4. Why Do Private Joint Stock Companies Buy Back Shares?
Private Joint Stock Companies buy back their shares to reconcile incompatible needs or perceptions between different shareholders. If some shareholders need cash and want their investment liquidated, the company can facilitate this outcome upon terms which are fair to the continuing shareholders. If some shareholders have less confidence than others in the company’s prospects, the company can likely facilitate their exit and possibly head off conflicts amongst the shareholders.

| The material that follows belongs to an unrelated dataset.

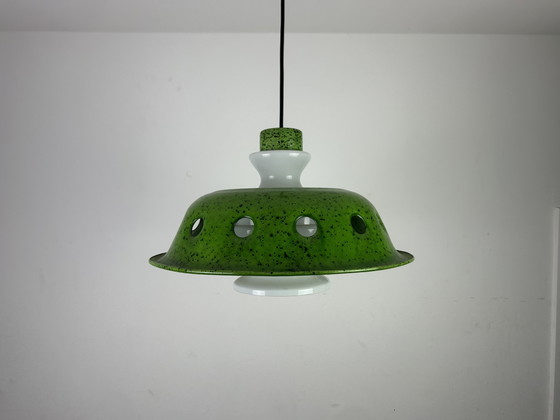 Image 1 of Suspension vintage en émail vert et verre opalin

5. In How Can Private joint Stock Companies Buy Back their Own Shares
Article 168 of the Companies Law set out parameters to be followed for shares buy-back. These conditions have been adjusted to fit the form of private joint stock companies:
1. The company shall obtain the approval of the Ministry of Economy prior to the purchase;
2. The company’s board of directors shall carry out the purchasing process during a period not exceeding one year from the date of the Ministry of Economy’s approval;
3. The company shall have a cash surplus to meet the purchasing process without using the capital or legal reserve in the purchasing process;
4. The purchasing process shall be advertised to the public in two local daily newspapers of wide circulation with one of them at least being in Arabic, and a period not less than two weeks must elapse between the date of announcing the company’s intention to purchase and the actual purchasing;
5. The company shall not conduct any selling process whilst carrying out the announced purchasing processes and the selling of the purchased shares shall be conducted within a period not exceeding two years from the date of last purchase. However, if the sale is not completed during the specified period, the purchasing process shall be considered to have been made for reducing the capital and consequently the purchased shares shall be cancelled;
6. The company shall not issue any new shares before completing the selling process of the purchased shares;
7. The process of the company’s purchasing of its shares shall not be carried out within a period of (15) days before and (3) days after the advertising of the financial details of the company or any substantial information which is likely to affect the share price (whether by an increase or a decrease);
8. The company shall not re-apply for approval to purchase its shares with the intention of selling them except after expiry of not less than one year from the date of the latest selling of its purchased shares;
9. The company, if it is a bank, shall obtain the approval of the central bank before the purchasing and it shall undertake to finance the purchasing process from financing sources in accordance with the rules set by the central bank in this respect;
10. No member of the company’s board of directors or any of its executive managers shall be a party to the purchasing and selling processes which are carried out by the company;
11. Disclosure of the purchasing and selling processes of the company shares shall be made in the quarterly report which is issued by the company.
It is worthwhile noting that shares purchased with the intention of being sold shall lose their right to attain dividends and the right to vote at the general assemblies until they are resold.